Extracted data entries =>

<<<<

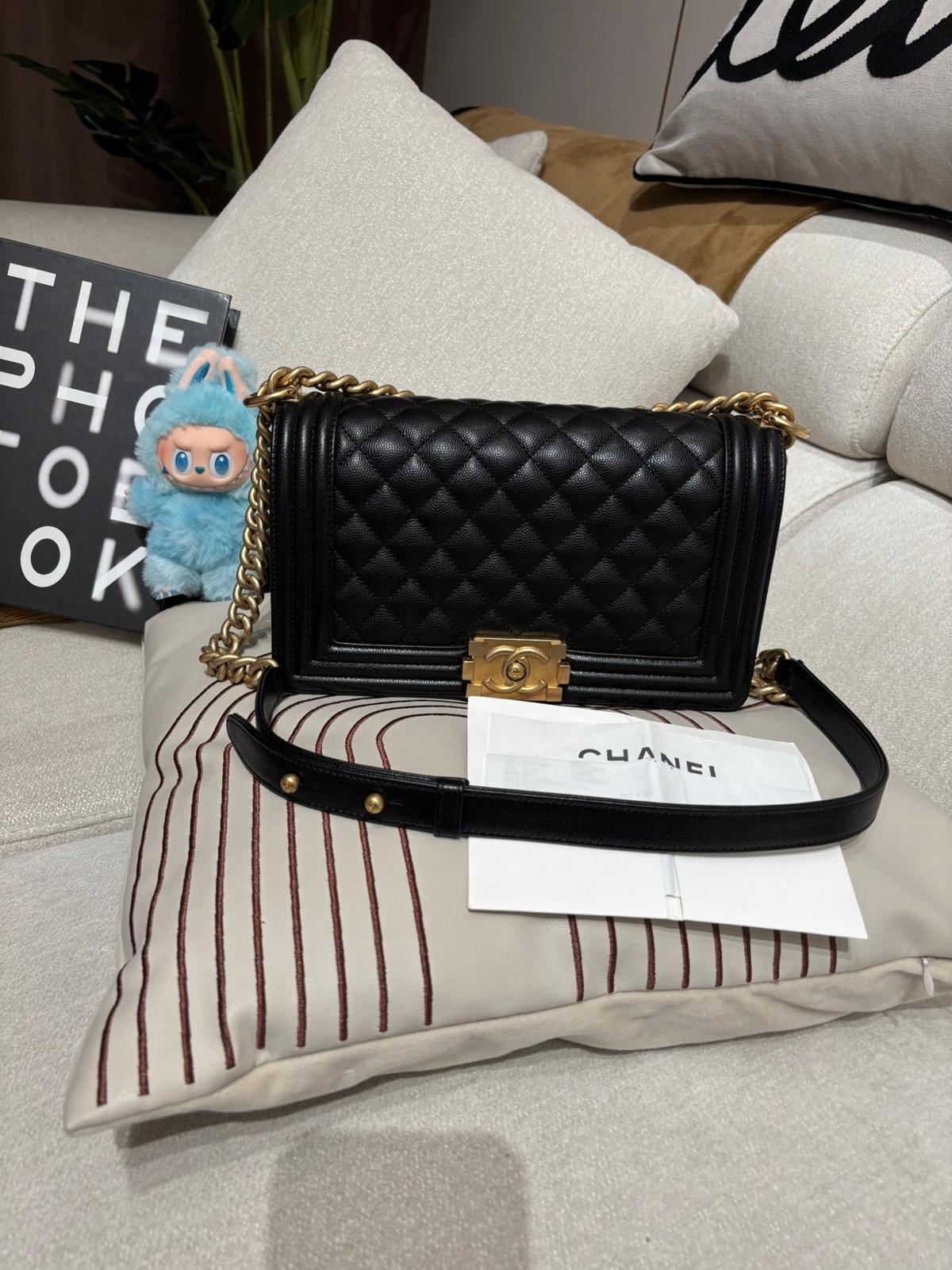 Chanel Boy 25cm A67086 黑色荔枝牛皮金扣 100%Authentic, 98%New ✅專門店收據✅晶片✅Dust bag ✅Box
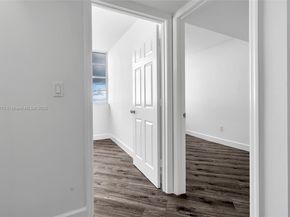 825 Brickell Bay Dr 1942, Miami FL 33131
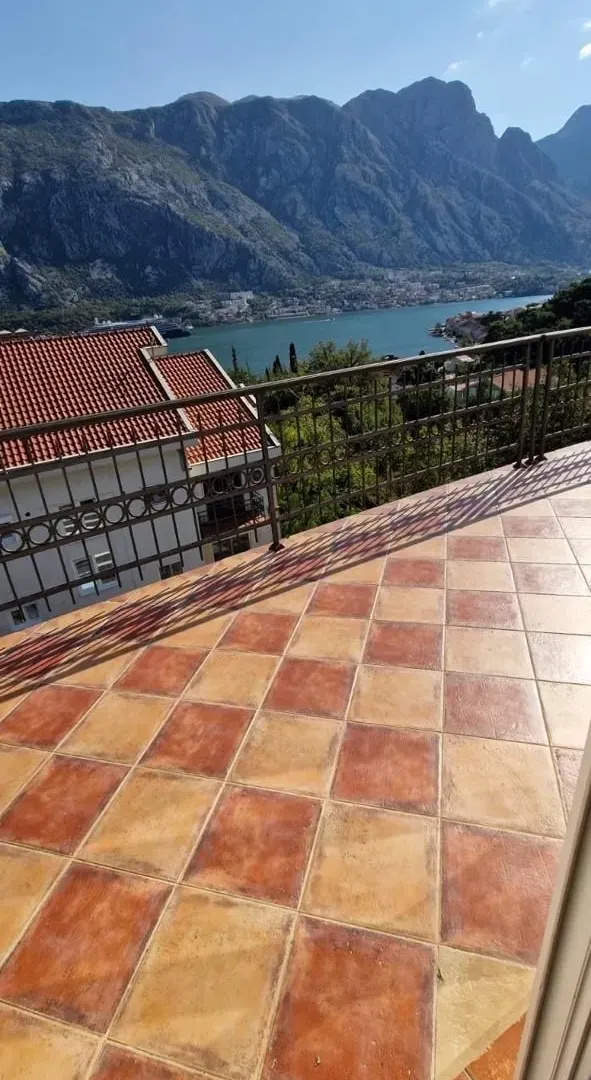 Prodaja, trosoban stan, 97m², Prčanj, Kotor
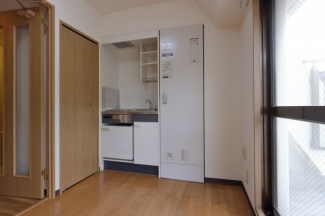 給湯は電気温水器になります。ダイニングキッチンです。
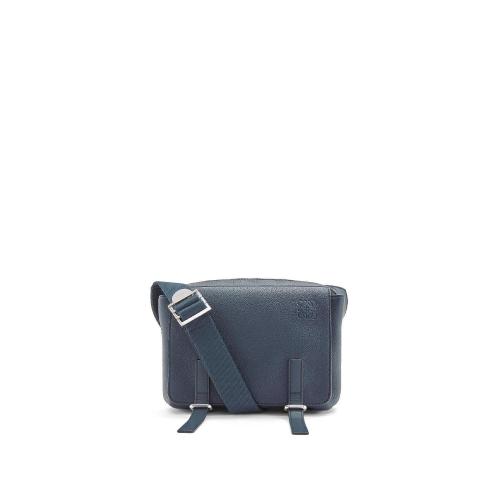  LOEWE羅意威 22年秋冬 男士 單肩包 XS Military messenger bag in soft grained calfskin 317 預定商品1-3周發貨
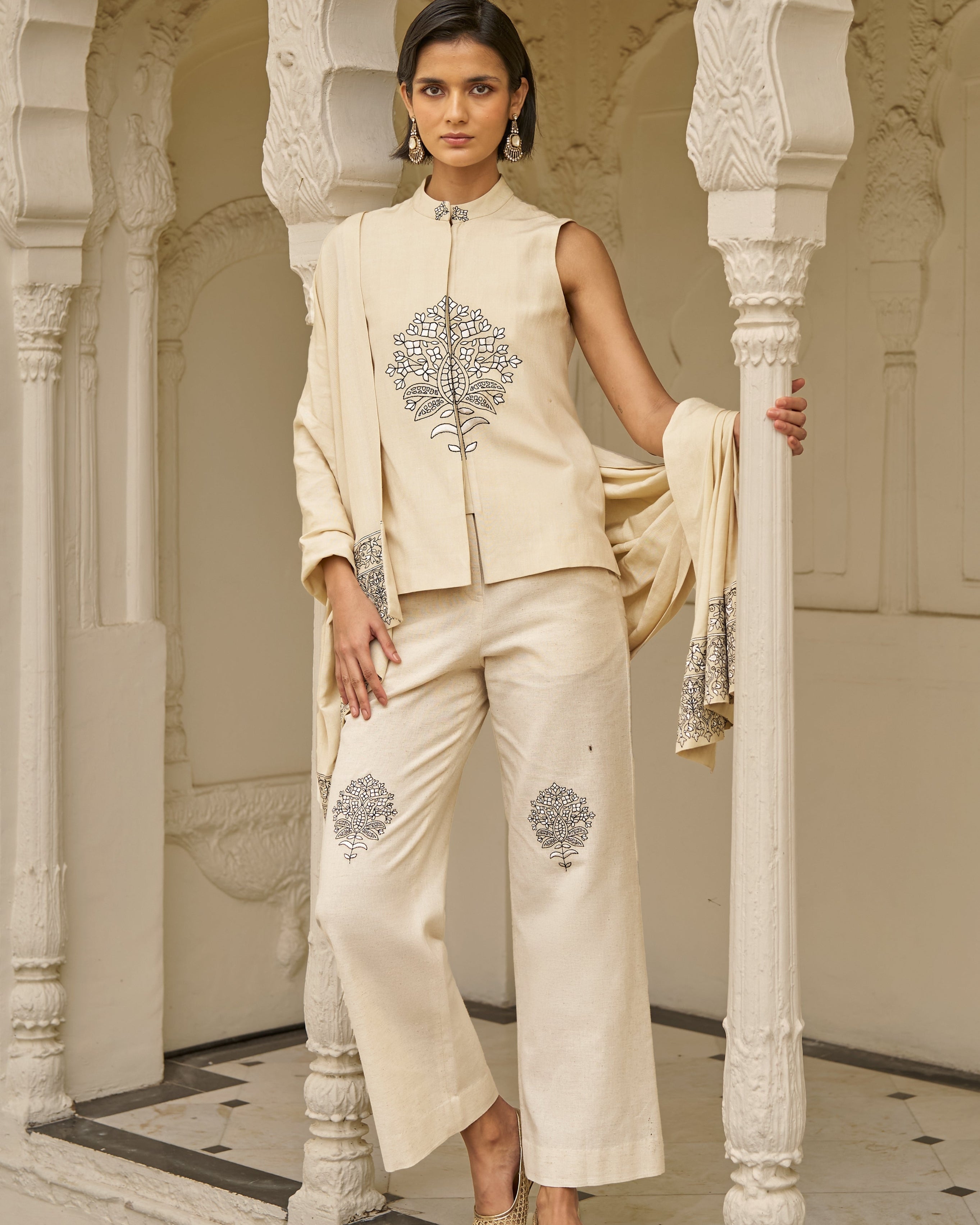Linen Embroidered Pant Set With Shawl By KYNAH, Luxury Indian Fashion & Bridal Wear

>>>>

Description of the task =>
Leave out the pictures and reproduce the rest of the records exactly.

Response to this exercise =>
 Chanel Boy 25cm A67086 黑色荔枝牛皮金扣 100%Authentic, 98%New ✅專門店收據✅晶片✅Dust bag ✅Box
 825 Brickell Bay Dr 1942, Miami FL 33131
 Prodaja, trosoban stan, 97m², Prčanj, Kotor
 給湯は電気温水器になります。ダイニングキッチンです。
  LOEWE羅意威 22年秋冬 男士 單肩包 XS Military messenger bag in soft grained calfskin 317 預定商品1-3周發貨
Linen Embroidered Pant Set With Shawl By KYNAH, Luxury Indian Fashion & Bridal Wear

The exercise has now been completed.